Supplied material START

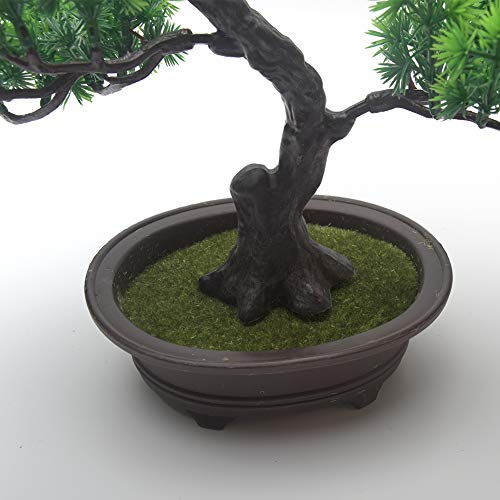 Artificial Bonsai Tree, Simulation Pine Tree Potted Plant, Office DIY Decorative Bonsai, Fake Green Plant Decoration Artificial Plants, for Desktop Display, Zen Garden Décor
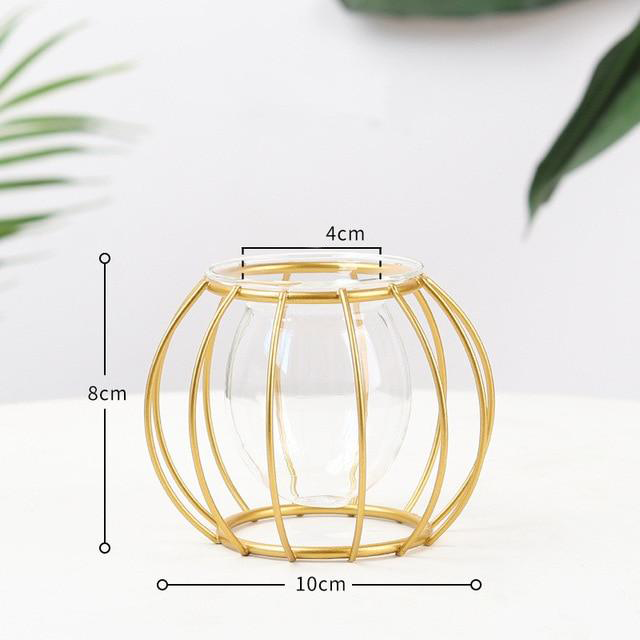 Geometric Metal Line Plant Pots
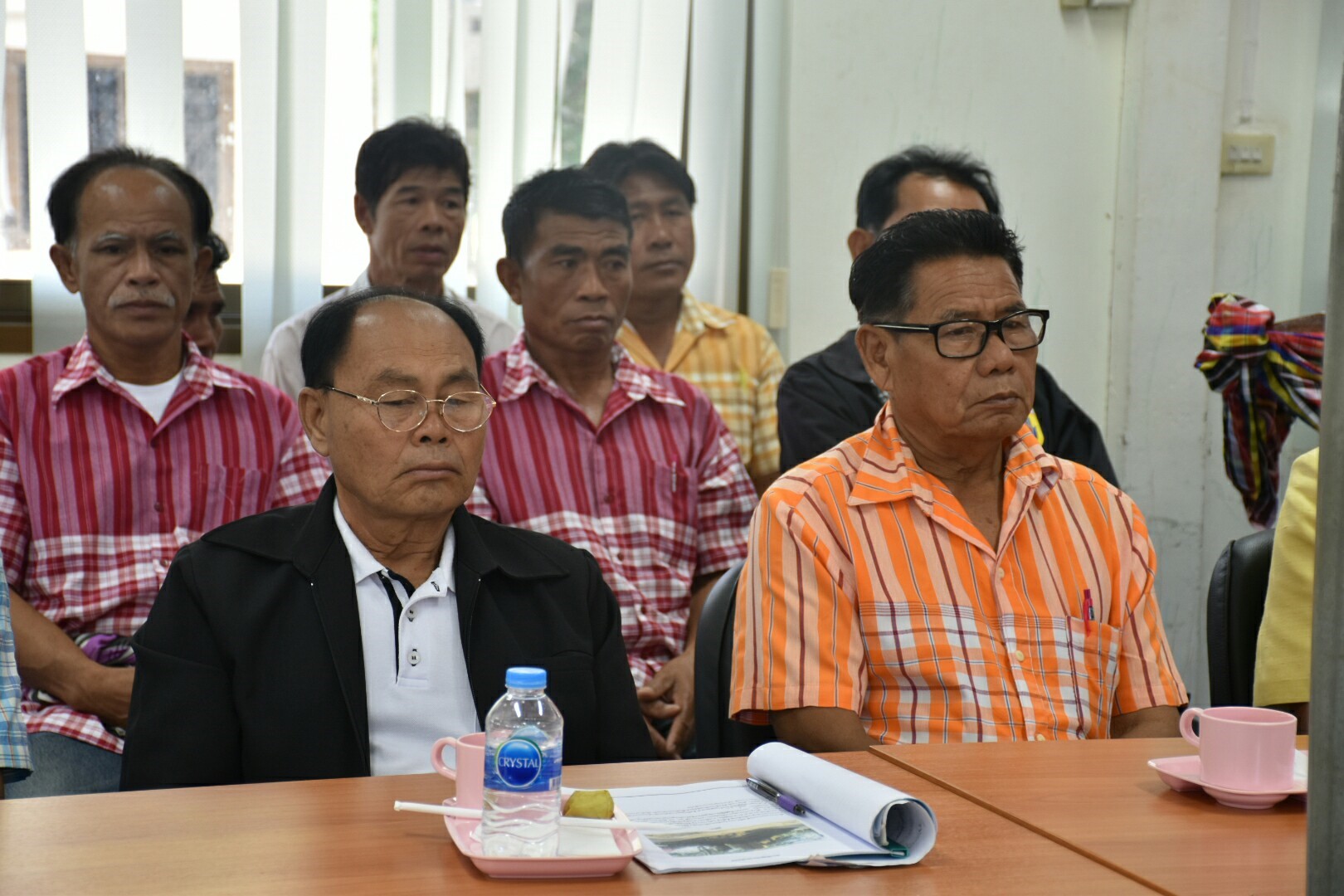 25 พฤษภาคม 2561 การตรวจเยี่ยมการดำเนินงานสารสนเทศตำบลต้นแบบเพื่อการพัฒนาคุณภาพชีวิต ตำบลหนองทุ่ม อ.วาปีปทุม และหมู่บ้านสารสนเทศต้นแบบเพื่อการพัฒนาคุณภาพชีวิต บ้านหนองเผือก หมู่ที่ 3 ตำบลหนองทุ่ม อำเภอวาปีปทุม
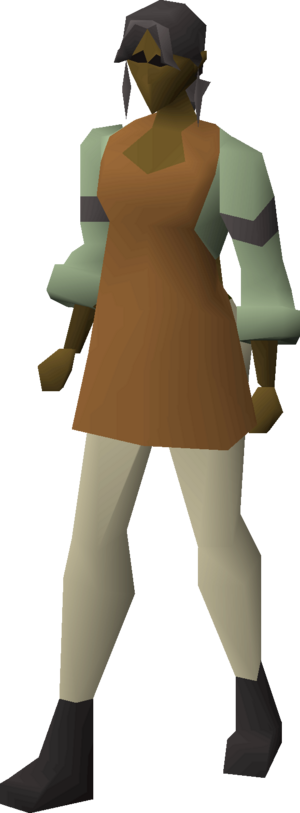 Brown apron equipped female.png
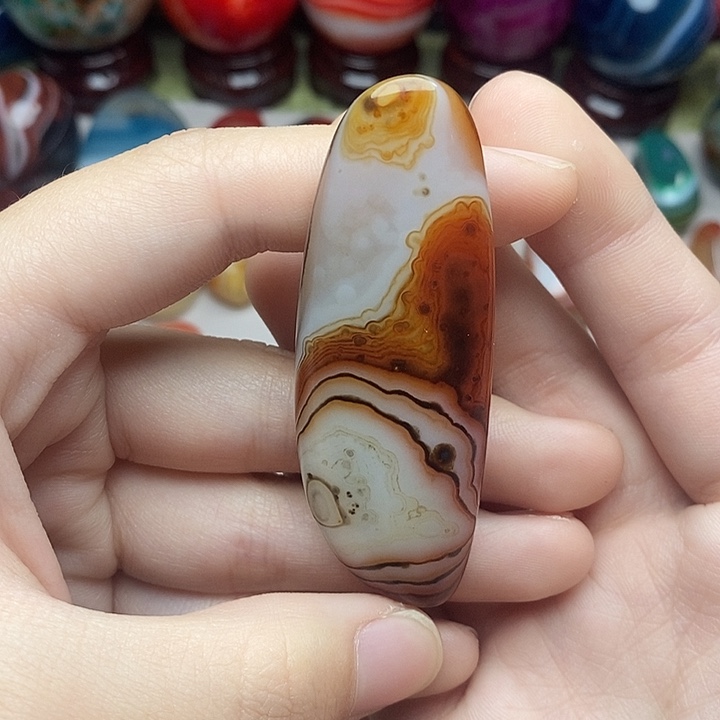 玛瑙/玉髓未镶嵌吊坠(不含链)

Supplied material END

• _Assignment_: Set the material above down again word for word. Include none of its pictures.

• _Your response_:
 Artificial Bonsai Tree, Simulation Pine Tree Potted Plant, Office DIY Decorative Bonsai, Fake Green Plant Decoration Artificial Plants, for Desktop Display, Zen Garden Décor
 Geometric Metal Line Plant Pots
 25 พฤษภาคม 2561 การตรวจเยี่ยมการดำเนินงานสารสนเทศตำบลต้นแบบเพื่อการพัฒนาคุณภาพชีวิต ตำบลหนองทุ่ม อ.วาปีปทุม และหมู่บ้านสารสนเทศต้นแบบเพื่อการพัฒนาคุณภาพชีวิต บ้านหนองเผือก หมู่ที่ 3 ตำบลหนองทุ่ม อำเภอวาปีปทุม
 Brown apron equipped female.png
 玛瑙/玉髓未镶嵌吊坠(不含链)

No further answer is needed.